To do: Down to the last line, set down the material below exactly, excluding pictures.

___ Data shown

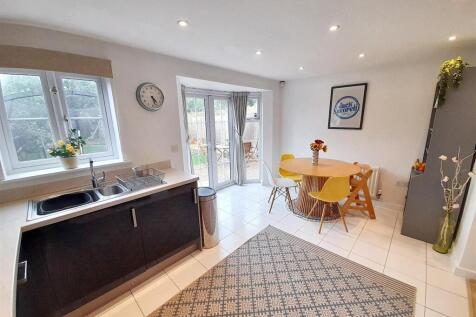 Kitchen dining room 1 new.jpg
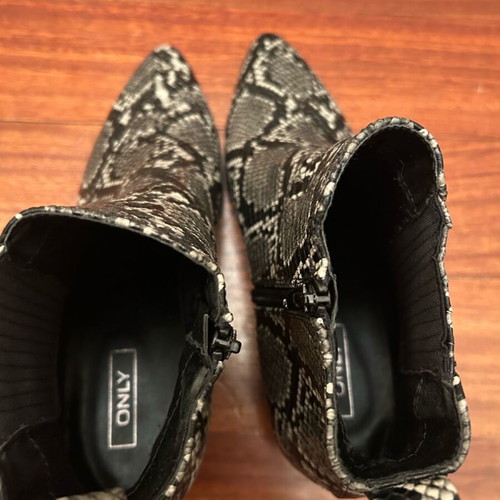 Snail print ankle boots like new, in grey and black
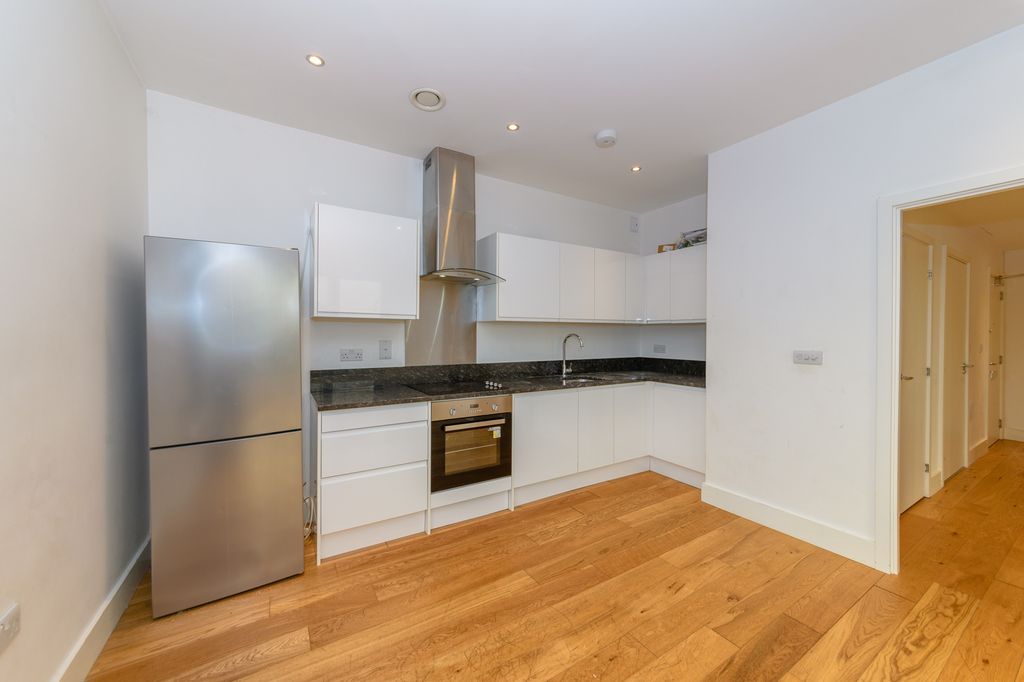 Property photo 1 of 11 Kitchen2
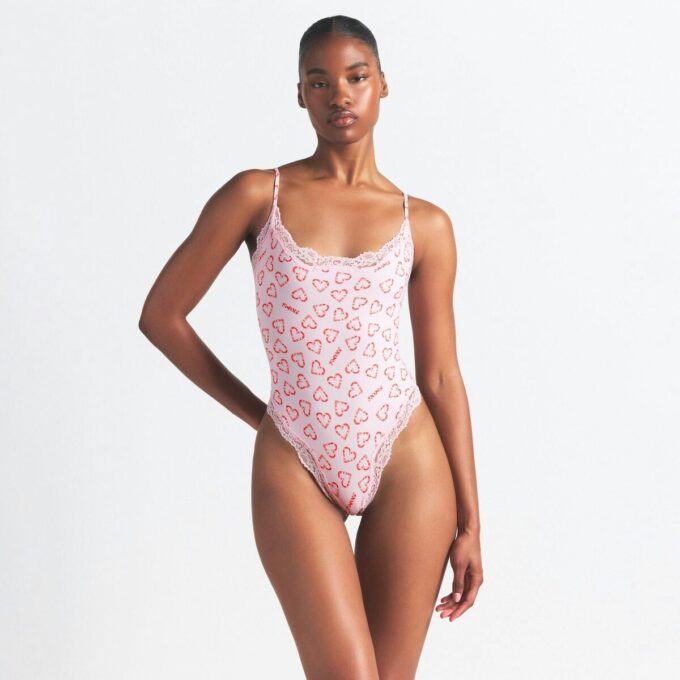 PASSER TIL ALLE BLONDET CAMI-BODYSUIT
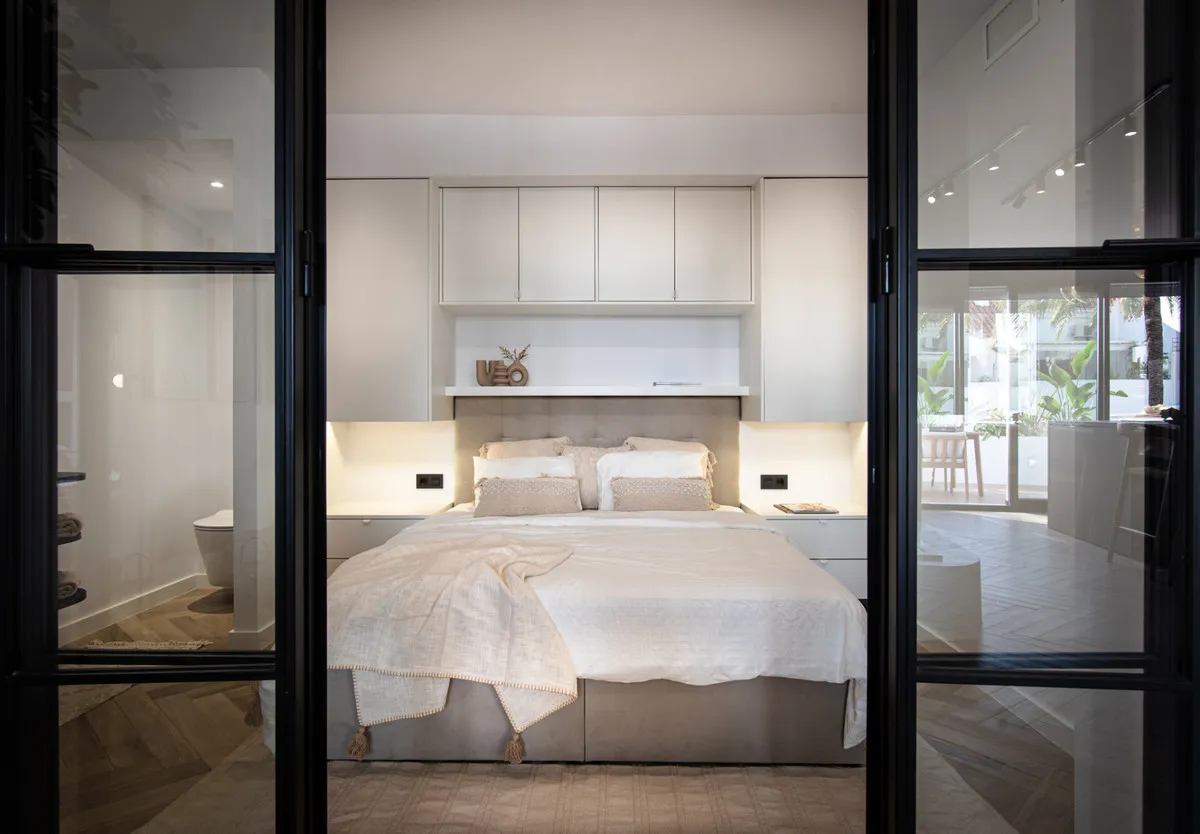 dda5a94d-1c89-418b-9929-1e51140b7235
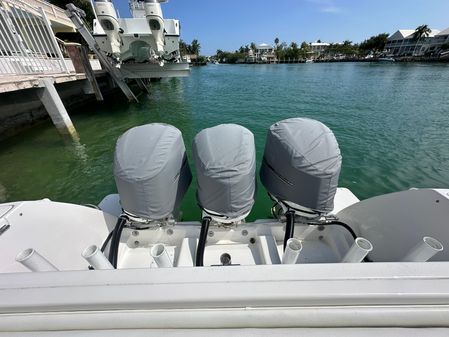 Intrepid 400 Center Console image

______

Answer section:
 Kitchen dining room 1 new.jpg
 Snail print ankle boots like new, in grey and black
 Property photo 1 of 11 Kitchen2
 PASSER TIL ALLE BLONDET CAMI-BODYSUIT
 dda5a94d-1c89-418b-9929-1e51140b7235
 Intrepid 400 Center Console image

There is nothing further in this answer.